START Data records
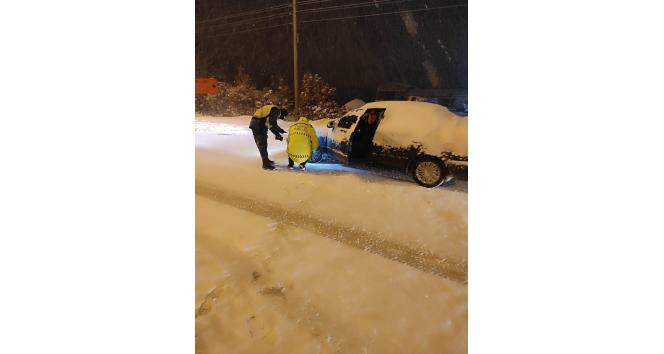 Yenice-Çan karayolunda zincirsiz ve kar lastiği olmayan araçlara izin verilmiyor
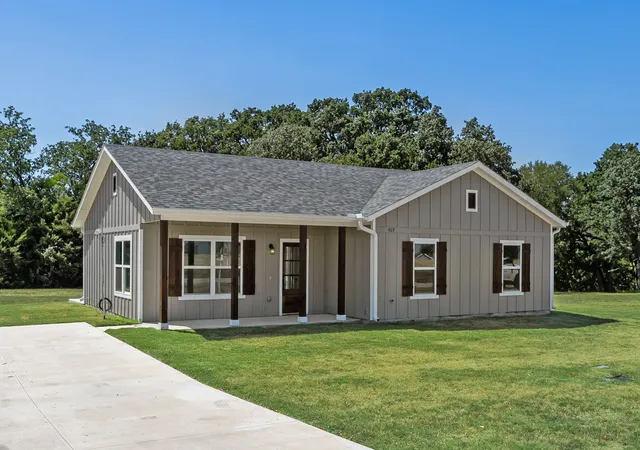 1st image of 429 Caro Dr, West Tawakoni, TX 75474 | MLS# 21336560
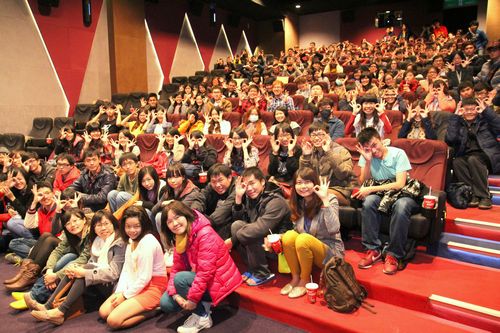 中央大學課外組在12月4日晚上包場，讓同學們有機會觀賞《看見台灣》紀錄片。顏薇攝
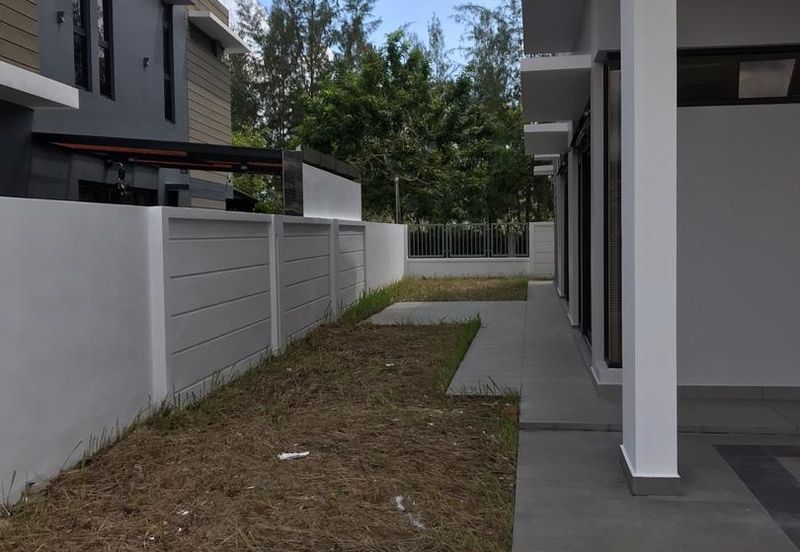 3 Storey Semi Detached House at Horizon Hills Canal Garden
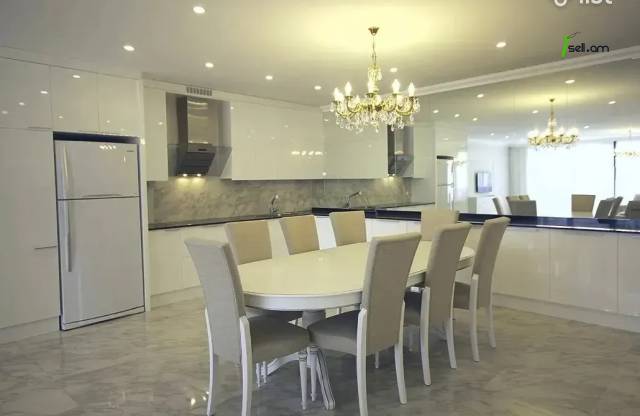 Ընդարձակ 4 սենյականոց բնակարան նորակառույց շենքում Վարդանանց փողոցում, 206 քմ, 20/23 հարկ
END Data records
*Exercise goal:*
Transcribe the records in full and exactly. Pictures stay out.

*Exercise output:*
 Yenice-Çan karayolunda zincirsiz ve kar lastiği olmayan araçlara izin verilmiyor
 1st image of 429 Caro Dr, West Tawakoni, TX 75474 | MLS# 21336560
 中央大學課外組在12月4日晚上包場，讓同學們有機會觀賞《看見台灣》紀錄片。顏薇攝
 3 Storey Semi Detached House at Horizon Hills Canal Garden
 Ընդարձակ 4 սենյականոց բնակարան նորակառույց շենքում Վարդանանց փողոցում, 206 քմ, 20/23 հարկ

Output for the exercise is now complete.